▶ **Excerpted data**
Start of Block
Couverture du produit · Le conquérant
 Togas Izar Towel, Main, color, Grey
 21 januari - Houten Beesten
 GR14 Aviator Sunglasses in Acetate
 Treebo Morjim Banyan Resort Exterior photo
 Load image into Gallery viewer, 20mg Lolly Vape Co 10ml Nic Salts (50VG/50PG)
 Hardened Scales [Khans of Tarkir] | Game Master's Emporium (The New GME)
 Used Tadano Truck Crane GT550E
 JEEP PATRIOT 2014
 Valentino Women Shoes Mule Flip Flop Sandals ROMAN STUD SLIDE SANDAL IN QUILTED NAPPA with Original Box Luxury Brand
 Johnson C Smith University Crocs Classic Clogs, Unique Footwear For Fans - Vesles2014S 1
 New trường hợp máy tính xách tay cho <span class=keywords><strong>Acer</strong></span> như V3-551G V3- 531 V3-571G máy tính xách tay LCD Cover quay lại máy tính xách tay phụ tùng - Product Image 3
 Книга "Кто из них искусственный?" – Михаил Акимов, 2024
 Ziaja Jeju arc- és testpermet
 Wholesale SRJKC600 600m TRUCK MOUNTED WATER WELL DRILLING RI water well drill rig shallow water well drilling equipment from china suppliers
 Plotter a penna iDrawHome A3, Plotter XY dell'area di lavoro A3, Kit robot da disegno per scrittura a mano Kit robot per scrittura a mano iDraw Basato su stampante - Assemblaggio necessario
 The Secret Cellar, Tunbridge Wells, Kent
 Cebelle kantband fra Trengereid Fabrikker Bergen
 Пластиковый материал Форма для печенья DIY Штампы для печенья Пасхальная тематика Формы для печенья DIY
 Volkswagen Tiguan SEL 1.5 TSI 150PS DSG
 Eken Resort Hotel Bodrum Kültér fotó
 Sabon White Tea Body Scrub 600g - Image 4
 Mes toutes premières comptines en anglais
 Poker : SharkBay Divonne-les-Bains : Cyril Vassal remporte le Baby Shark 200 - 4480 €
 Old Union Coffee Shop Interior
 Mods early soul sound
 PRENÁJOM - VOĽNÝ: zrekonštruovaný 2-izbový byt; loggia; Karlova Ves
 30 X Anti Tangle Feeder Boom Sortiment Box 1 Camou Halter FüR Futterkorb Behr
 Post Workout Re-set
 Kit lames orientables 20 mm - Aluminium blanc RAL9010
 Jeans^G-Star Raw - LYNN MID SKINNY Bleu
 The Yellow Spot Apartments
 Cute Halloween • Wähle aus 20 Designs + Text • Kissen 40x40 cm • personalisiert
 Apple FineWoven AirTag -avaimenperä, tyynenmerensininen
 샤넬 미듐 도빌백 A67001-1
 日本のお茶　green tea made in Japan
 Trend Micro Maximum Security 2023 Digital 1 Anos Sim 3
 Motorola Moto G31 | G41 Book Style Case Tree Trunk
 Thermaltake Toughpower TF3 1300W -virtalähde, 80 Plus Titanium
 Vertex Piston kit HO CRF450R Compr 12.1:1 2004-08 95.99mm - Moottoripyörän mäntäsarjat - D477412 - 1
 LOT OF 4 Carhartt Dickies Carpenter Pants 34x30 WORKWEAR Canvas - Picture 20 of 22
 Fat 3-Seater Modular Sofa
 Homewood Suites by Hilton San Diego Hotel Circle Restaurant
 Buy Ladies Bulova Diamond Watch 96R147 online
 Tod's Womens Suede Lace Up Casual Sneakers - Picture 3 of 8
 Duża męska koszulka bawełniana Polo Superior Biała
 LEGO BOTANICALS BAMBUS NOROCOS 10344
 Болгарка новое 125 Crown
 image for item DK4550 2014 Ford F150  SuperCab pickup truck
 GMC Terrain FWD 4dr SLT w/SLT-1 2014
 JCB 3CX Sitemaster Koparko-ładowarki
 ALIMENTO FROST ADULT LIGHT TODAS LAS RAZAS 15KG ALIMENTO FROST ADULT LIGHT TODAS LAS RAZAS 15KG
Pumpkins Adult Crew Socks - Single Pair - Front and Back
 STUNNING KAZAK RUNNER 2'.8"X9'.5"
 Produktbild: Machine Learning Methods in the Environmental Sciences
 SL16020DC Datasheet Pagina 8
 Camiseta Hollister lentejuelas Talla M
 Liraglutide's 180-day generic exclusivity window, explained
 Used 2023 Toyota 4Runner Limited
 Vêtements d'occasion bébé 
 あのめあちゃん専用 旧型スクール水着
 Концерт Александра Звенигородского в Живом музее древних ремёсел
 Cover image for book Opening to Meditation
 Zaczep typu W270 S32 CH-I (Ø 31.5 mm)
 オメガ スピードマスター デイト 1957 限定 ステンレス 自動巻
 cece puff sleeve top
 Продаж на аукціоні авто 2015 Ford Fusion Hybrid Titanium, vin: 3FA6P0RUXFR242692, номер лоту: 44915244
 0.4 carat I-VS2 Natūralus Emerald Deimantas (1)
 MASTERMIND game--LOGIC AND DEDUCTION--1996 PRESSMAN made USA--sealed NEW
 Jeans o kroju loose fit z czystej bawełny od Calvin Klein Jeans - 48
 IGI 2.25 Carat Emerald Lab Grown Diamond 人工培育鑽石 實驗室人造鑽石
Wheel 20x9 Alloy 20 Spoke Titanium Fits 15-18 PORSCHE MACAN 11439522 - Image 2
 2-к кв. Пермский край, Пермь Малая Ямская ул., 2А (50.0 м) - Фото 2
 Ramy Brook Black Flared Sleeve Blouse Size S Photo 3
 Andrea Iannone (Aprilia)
End of Block
▶ **What you have to do**
Output the material verbatim, including every line.

▶ **Solution below**
Couverture du produit · Le conquérant
 Togas Izar Towel, Main, color, Grey
 21 januari - Houten Beesten
 GR14 Aviator Sunglasses in Acetate
 Treebo Morjim Banyan Resort Exterior photo
 Load image into Gallery viewer, 20mg Lolly Vape Co 10ml Nic Salts (50VG/50PG)
 Hardened Scales [Khans of Tarkir] | Game Master's Emporium (The New GME)
 Used Tadano Truck Crane GT550E
 JEEP PATRIOT 2014
 Valentino Women Shoes Mule Flip Flop Sandals ROMAN STUD SLIDE SANDAL IN QUILTED NAPPA with Original Box Luxury Brand
 Johnson C Smith University Crocs Classic Clogs, Unique Footwear For Fans - Vesles2014S 1
 New trường hợp máy tính xách tay cho <span class=keywords><strong>Acer</strong></span> như V3-551G V3- 531 V3-571G máy tính xách tay LCD Cover quay lại máy tính xách tay phụ tùng - Product Image 3
 Книга "Кто из них искусственный?" – Михаил Акимов, 2024
 Ziaja Jeju arc- és testpermet
 Wholesale SRJKC600 600m TRUCK MOUNTED WATER WELL DRILLING RI water well drill rig shallow water well drilling equipment from china suppliers
 Plotter a penna iDrawHome A3, Plotter XY dell'area di lavoro A3, Kit robot da disegno per scrittura a mano Kit robot per scrittura a mano iDraw Basato su stampante - Assemblaggio necessario
 The Secret Cellar, Tunbridge Wells, Kent
 Cebelle kantband fra Trengereid Fabrikker Bergen
 Пластиковый материал Форма для печенья DIY Штампы для печенья Пасхальная тематика Формы для печенья DIY
 Volkswagen Tiguan SEL 1.5 TSI 150PS DSG
 Eken Resort Hotel Bodrum Kültér fotó
 Sabon White Tea Body Scrub 600g - Image 4
 Mes toutes premières comptines en anglais
 Poker : SharkBay Divonne-les-Bains : Cyril Vassal remporte le Baby Shark 200 - 4480 €
 Old Union Coffee Shop Interior
 Mods early soul sound
 PRENÁJOM - VOĽNÝ: zrekonštruovaný 2-izbový byt; loggia; Karlova Ves
 30 X Anti Tangle Feeder Boom Sortiment Box 1 Camou Halter FüR Futterkorb Behr
 Post Workout Re-set
 Kit lames orientables 20 mm - Aluminium blanc RAL9010
 Jeans^G-Star Raw - LYNN MID SKINNY Bleu
 The Yellow Spot Apartments
 Cute Halloween • Wähle aus 20 Designs + Text • Kissen 40x40 cm • personalisiert
 Apple FineWoven AirTag -avaimenperä, tyynenmerensininen
 샤넬 미듐 도빌백 A67001-1
 日本のお茶　green tea made in Japan
 Trend Micro Maximum Security 2023 Digital 1 Anos Sim 3
 Motorola Moto G31 | G41 Book Style Case Tree Trunk
 Thermaltake Toughpower TF3 1300W -virtalähde, 80 Plus Titanium
 Vertex Piston kit HO CRF450R Compr 12.1:1 2004-08 95.99mm - Moottoripyörän mäntäsarjat - D477412 - 1
 LOT OF 4 Carhartt Dickies Carpenter Pants 34x30 WORKWEAR Canvas - Picture 20 of 22
 Fat 3-Seater Modular Sofa
 Homewood Suites by Hilton San Diego Hotel Circle Restaurant
 Buy Ladies Bulova Diamond Watch 96R147 online
 Tod's Womens Suede Lace Up Casual Sneakers - Picture 3 of 8
 Duża męska koszulka bawełniana Polo Superior Biała
 LEGO BOTANICALS BAMBUS NOROCOS 10344
 Болгарка новое 125 Crown
 image for item DK4550 2014 Ford F150  SuperCab pickup truck
 GMC Terrain FWD 4dr SLT w/SLT-1 2014
 JCB 3CX Sitemaster Koparko-ładowarki
 ALIMENTO FROST ADULT LIGHT TODAS LAS RAZAS 15KG ALIMENTO FROST ADULT LIGHT TODAS LAS RAZAS 15KG
Pumpkins Adult Crew Socks - Single Pair - Front and Back
 STUNNING KAZAK RUNNER 2'.8"X9'.5"
 Produktbild: Machine Learning Methods in the Environmental Sciences
 SL16020DC Datasheet Pagina 8
 Camiseta Hollister lentejuelas Talla M
 Liraglutide's 180-day generic exclusivity window, explained
 Used 2023 Toyota 4Runner Limited
 Vêtements d'occasion bébé 
 あのめあちゃん専用 旧型スクール水着
 Концерт Александра Звенигородского в Живом музее древних ремёсел
 Cover image for book Opening to Meditation
 Zaczep typu W270 S32 CH-I (Ø 31.5 mm)
 オメガ スピードマスター デイト 1957 限定 ステンレス 自動巻
 cece puff sleeve top
 Продаж на аукціоні авто 2015 Ford Fusion Hybrid Titanium, vin: 3FA6P0RUXFR242692, номер лоту: 44915244
 0.4 carat I-VS2 Natūralus Emerald Deimantas (1)
 MASTERMIND game--LOGIC AND DEDUCTION--1996 PRESSMAN made USA--sealed NEW
 Jeans o kroju loose fit z czystej bawełny od Calvin Klein Jeans - 48
 IGI 2.25 Carat Emerald Lab Grown Diamond 人工培育鑽石 實驗室人造鑽石
Wheel 20x9 Alloy 20 Spoke Titanium Fits 15-18 PORSCHE MACAN 11439522 - Image 2
 2-к кв. Пермский край, Пермь Малая Ямская ул., 2А (50.0 м) - Фото 2
 Ramy Brook Black Flared Sleeve Blouse Size S Photo 3
 Andrea Iannone (Aprilia)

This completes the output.